Lemma 3. If a canonical scheme of first order of approximation is symmetric, then it has second order of approximation.

§ 6. The requirement that \(L_h^{(p)}\) be defined in \(Q_m(p)\) means that \(A_i\ne 0\), \(B_i\ne 0\) at no point of the difference grid for any function \(p\in Q_m\). These conditions will be fulfilled if the functionals \(A\) and \(B\) are positive \(\bigl(A[\bar p]>0,\ B[\bar p]>0\) for \(\bar p(s)>0\bigr)\) (see (2)).

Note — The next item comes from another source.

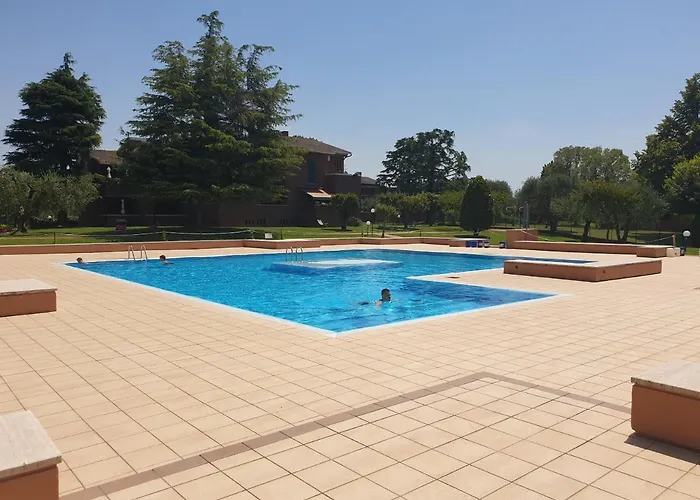 شقة Blue View - Casetto - Regarda Travel باردولينو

If the canonical scheme \(L_h^{(p)}\) is symmetric and the functionals \(A[\bar p(s)]\), \(B[\bar p(s)]\) are positive, then such a difference scheme is called normal. In what follows we shall consider normal schemes.

The relation between the order of approximation and the order of accuracy is established by the following theorem:

Theorem. Convergence of a normal difference scheme in the sense of approximation is necessary and sufficient for integral convergence; more precisely:

1) If a normal scheme converges in \(C_1'(p)\), then it has first order of approximation in \(C_2(p)\) and, by virtue of symmetry, second order of approximation for \(p(x)\in C_3\).

2) If a normal scheme has second order of approximation in \(C_3(p)\), then it converges in \(C_1'(p)\), has first order of accuracy in \(C_2(p)\), and second order of accuracy in \(C_3(p)\).

Questions concerning convergence and the order of accuracy of normal difference schemes in the class \(Q_m(p)\) will be considered separately.

REFERENCES CITED

¹ A. N. Tikhonov, A. A. Samarskii, DAN, 108, No. 3 (1956).
² A. N. Tikhonov, A. A. Samarskii, DAN, 122, No. 2 (1958).